Davis Center for Russian and Eurasian Studies Special Collection • Harvard University

USA-CCCP. Points of Contact.
(E-E) Evgenij Kozlov – Catherine Mannick
Correspondence 1979 – 1990

Perestroika Emissaries

The correspondence between Mannick and Kozlov covers not only a remarkably long period of time, but a period which was in itself remarkable, the pre-perestroika and perestroika years, that is, the first and second halves of the 1980s, respectively. Between October 1986 and January 1990, Mannick was not able to visit the Soviet Union herself, and Kozlov tried to keep her updated about some of the changes that affected his personal life, his activities as an artist, the international promotion of his art, but also society as a whole. Kozlov’s letters illustrate how Gorbachev’s economic and other reforms – perestroika – gradually led to a more liberal state policy granting individual initiative and freedom of expression – “glasnost”, literally “openness”. Mannick, on her part, wrote how perestroika in general and the Leningrad music scene in particular left an impact on the cultural life of her country.  
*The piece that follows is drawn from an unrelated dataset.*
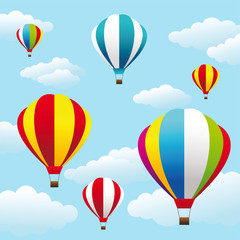 colorful air balloons on the blue sky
(E-E) Evgenij Kozlov PERESTROYKA Ink on paper, 84 x 53 cm, 1985 or slightly later E-E archival number: E-E-185007

(E-E) Evgenij Kozlov
PERESTROYKA
Ink on paper, 84 x 53 cm, 1985 or slightly later

E-E archival number: E-E-185007



During the Cold War, the general knowledge about the other side was rather superficial and full of clichés, but there was a difference. While Soviet citizens never lost interest in Western culture and intellectual and artistic circles were purposefully striving for the latest information, conversely, Soviet culture was perceived in the West as nothing much worth of interest, with the exception of the Bolshoi Theatre ballet as a positive example and dissident literature, such as Solzhenitsyn’s acclaimed Gulag Archipelago, revealing the negative side of communism. Accordingly, some few examples of Soviet pop art, like that of Moscow conceptualists and New York residents Komar and Melamid, were embraced as an ironic statement on Soviet history.

After Mikhail Gorbachev’s appointment as General Secretary of the Communist Party of the Soviet Union in 1985 and the beginning of his policy of perestroika, interest in the life of ordinary Soviet people grew dramatically. With Gorbachev’s visits abroad, the West experienced a kind of “Gorby Fever”, as Mannick wrote in Letter 41 from December 1987 – not least thanks to his elegant and charming wife Raisa, whose cosmopolitan appeal stood in plain contrast to the stereotype of the graceless, grandmotherly Soviet woman prevailing in capitalist countries.

In Kozlov’s letters, the first signs of changes appear in December 1986 with a New Artists exhibition in Moscow “in the main exhibition hall” (Letter M). The Moscow exhibition could be identified as “The Laboratory – Young Artists from Leningrad” at the Kuznetsky Most premises of the Moscow Union of Artists. This is interesting insofar, as none of the New Artists was a union member – as “unofficial” artists they were denied membership. Having their works shown by the Moscow Union of Artists was one step towards official recognition.[1] The following five letters, preserved from the period of 1987 to 1990, show how individual freedom steadily progressed. In Letter P, written in March 1989, Kozlov compiled a slightly satirical list of twenty-six items he called “hot news”, mixing personal experiences and general expectations related to recent political and economic shifts:

    ✮ Solar activity began to affect me very strongly. I haven’t been able sleep for days.
    ✮ The situation in grocery stores has become even worse, but there are rumours that it will become (even) better.
    ✮ Almost everything is said and written about history. Stalin is a murderer and an enemy, Khrushchev is a good fellow, Brezhnev is a fool, Gorbachev is a revolutionary and the hope of the whole world. (Letter P, March 1989)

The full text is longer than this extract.